Beneath the thick external layer of sarcasm and indifference there exists an even deeper layer of sarcasm and indifference.

Beneath that layer exists this.

One of the many reasons I quit my job was that it would allow me to take risks with my photography. I could leap first and worry about landing later. I would have the freedom to fail. There would always be tomorrow.

Instead I’ve fallen into the familiar and comfortable pattern of scouring the western US for (often inaccurate) forecasts aiming to capture a previsualized image, driving for hours to get to my destination, and then repeating the entire process again, sometimes as soon as the next day.

Waiting three days for the right conditions to materialize seems impossible, but that’s only because I’ve bought into the myth that there are right conditions. There is no such thing as bad light, there are only bad photographers and bad photographs.

I need to start using my eyes more and stop letting my brain get in the way.

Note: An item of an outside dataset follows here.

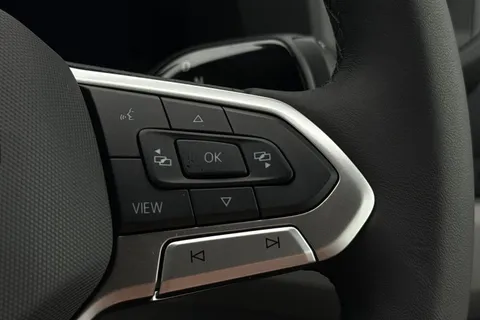 DF75UAL Volkswagen Crafter CR35 Commerce Plus MWB 140 PS Man FWD  - MY25/Low Roof/Camera Thumbnail #41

I need to find creative ways of capturing and communicating the emotion of a scene rather than just recording its literal appearance. I need to start getting uncomfortable. At the very least I need to use the forecasts only as a mechanism for encouraging me to go somewhere and not as an excuse to leave or give up.

There is a cruel trick that my mind likes to play: The more often and (supposedly) competently I do something the more dissatisfied I am with the result. I can fool just about everyone but myself.

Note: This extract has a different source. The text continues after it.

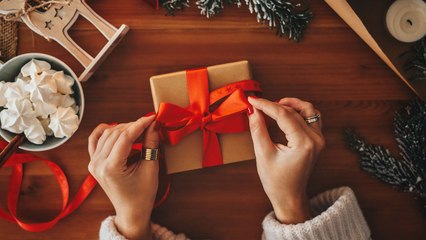 5 Tips for Wrapping Christmas Presents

When the weather and my stubborn inflexible brain are in alignment and I get the conditions necessary to capture my visualized image, I’m rarely happy with it. I see it as derivative, boring, or falling short of my imagined ideal. The strong emotional high of the experience is dulled by my clumsy attempts to record it. Anyone able to drive 10 hours and be up at 4:30 in the morning at this spot could have gotten the same thing or better. My only talent is endurance. There is nothing exciting or groundbreaking happening here. This isn’t art.

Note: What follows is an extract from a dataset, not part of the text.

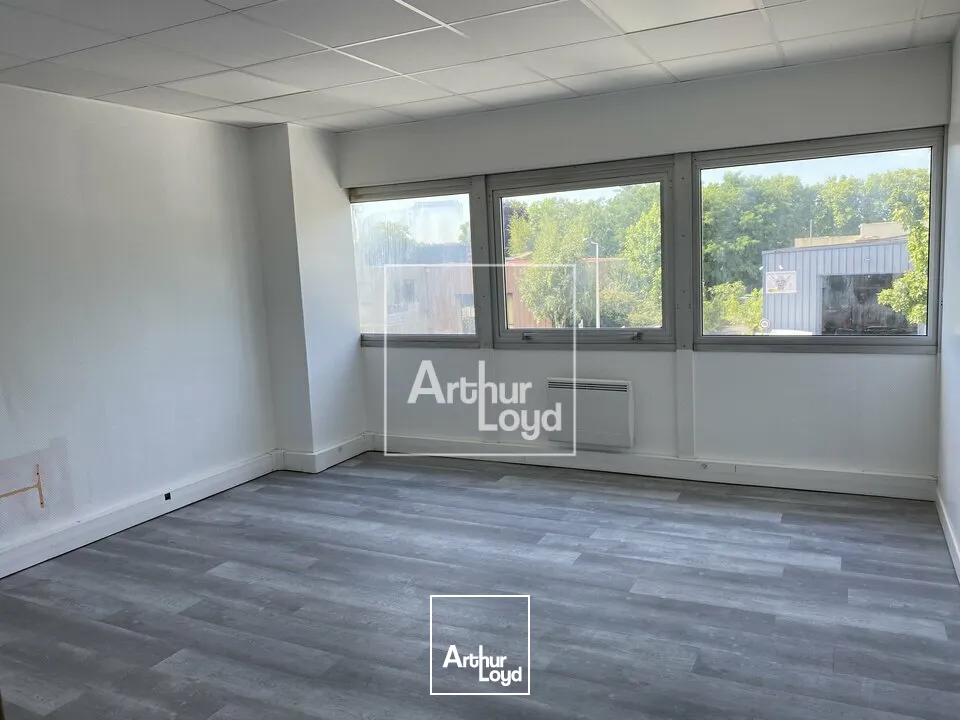 Locaux d'activité & Entrepôts - Location - BONDOUFLE - 91070 - 368-818 - 7760260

I know that this is (usually) an irrational and emotional position. But it doesn’t matter what I know, it matters how I feel. The human race has been feeling a lot longer than it has been thinking. Bridging that gap for some people is easy. For me, there is no rational way to dig myself out of an emotional hole. I’m too close to it to view it objectively and all I’m left with is how I feel.

So my response has always been to keep moving. To trade the feelings of failure for miles, my current location with a new one, the being here with the getting there and letting the emotional highs of the experience carry me, all while hoping someday to be able to communicate those experiences with photographs, or at least start to be able to fool myself as well as I’ve been fooling everyone else.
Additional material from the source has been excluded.